++++ Given records ++++

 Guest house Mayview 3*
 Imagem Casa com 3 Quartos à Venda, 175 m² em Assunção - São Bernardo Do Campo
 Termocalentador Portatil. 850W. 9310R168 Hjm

++++
++++ Given records ++++

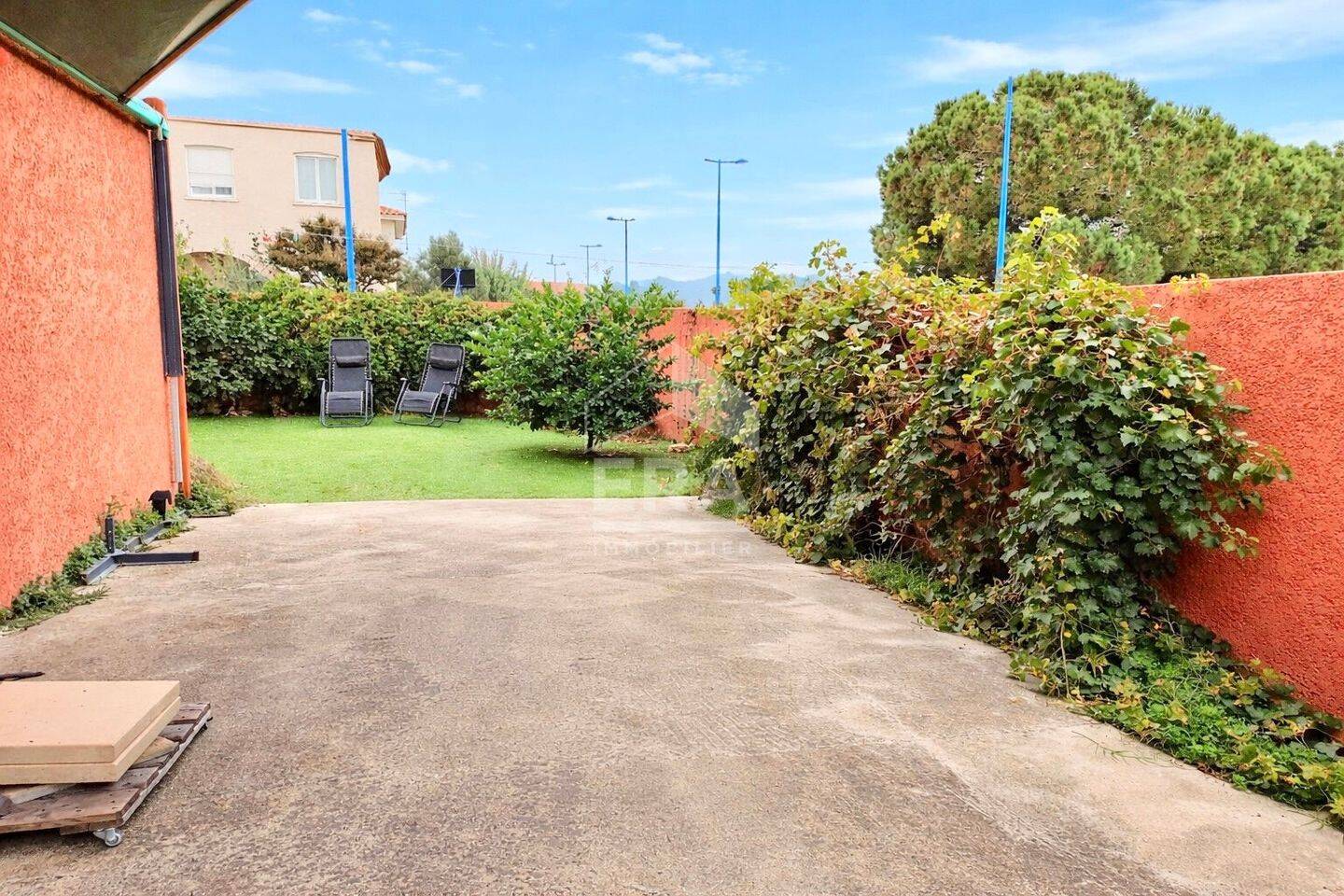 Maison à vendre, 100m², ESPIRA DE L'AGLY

++++
++++ Given records ++++

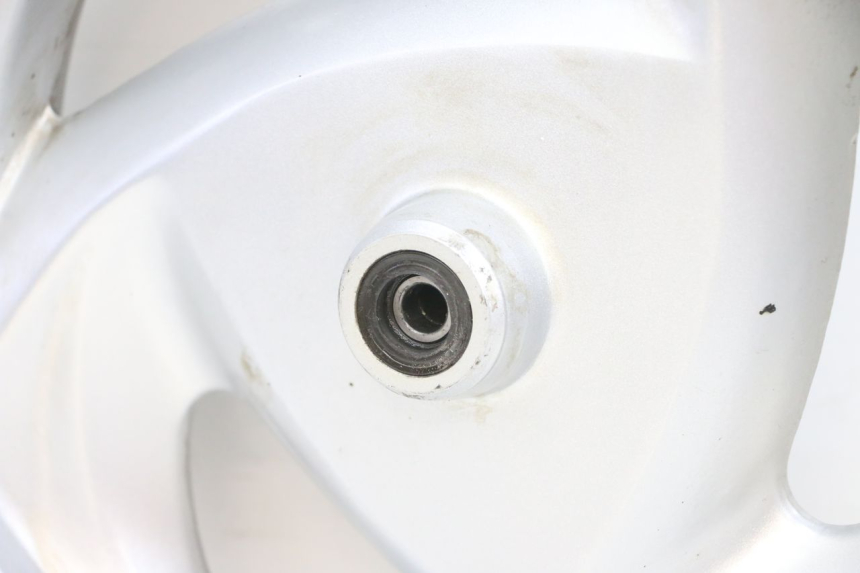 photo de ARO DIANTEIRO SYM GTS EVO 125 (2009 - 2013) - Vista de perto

++++

### Requirement
Would you print exactly and only the lines of the material above that run from the line with "Imagem Casa com" through the line with "Termocalentador Portatil. 850W. 9310R168 Hjm", both included?

### Task output
 Imagem Casa com 3 Quartos à Venda, 175 m² em Assunção - São Bernardo Do Campo
 Termocalentador Portatil. 850W. 9310R168 Hjm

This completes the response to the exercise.